◆ **PROBLEM DESCRIPTION**:
From the listing below, copy only the lines from the line that contains "23 корпус 1 Трамвайный проспект map" to the line that contains "Georganics Dentífrico Flúor", counting those two lines as part of the copy.

◆ **MATERIAL FOR THIS TASK**:

▼

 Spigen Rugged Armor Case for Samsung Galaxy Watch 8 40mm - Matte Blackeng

▲
▼

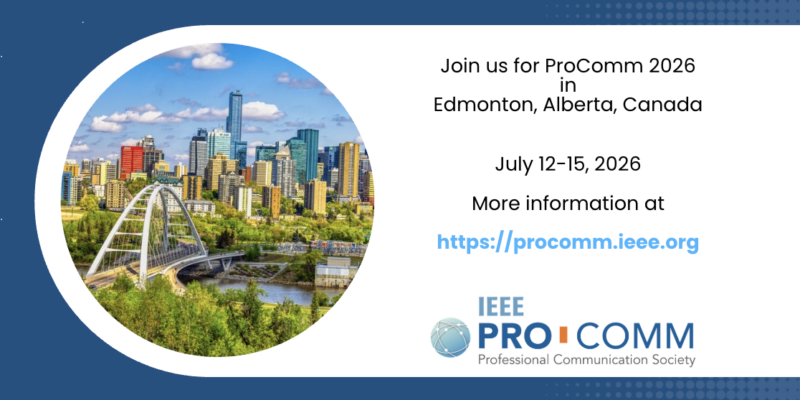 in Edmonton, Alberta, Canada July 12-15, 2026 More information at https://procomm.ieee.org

▲
▼

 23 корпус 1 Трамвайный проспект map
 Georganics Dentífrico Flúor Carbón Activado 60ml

▲

◆ **RESULT OF THIS EXERCISE**:
 23 корпус 1 Трамвайный проспект map
 Georganics Dentífrico Flúor Carbón Activado 60ml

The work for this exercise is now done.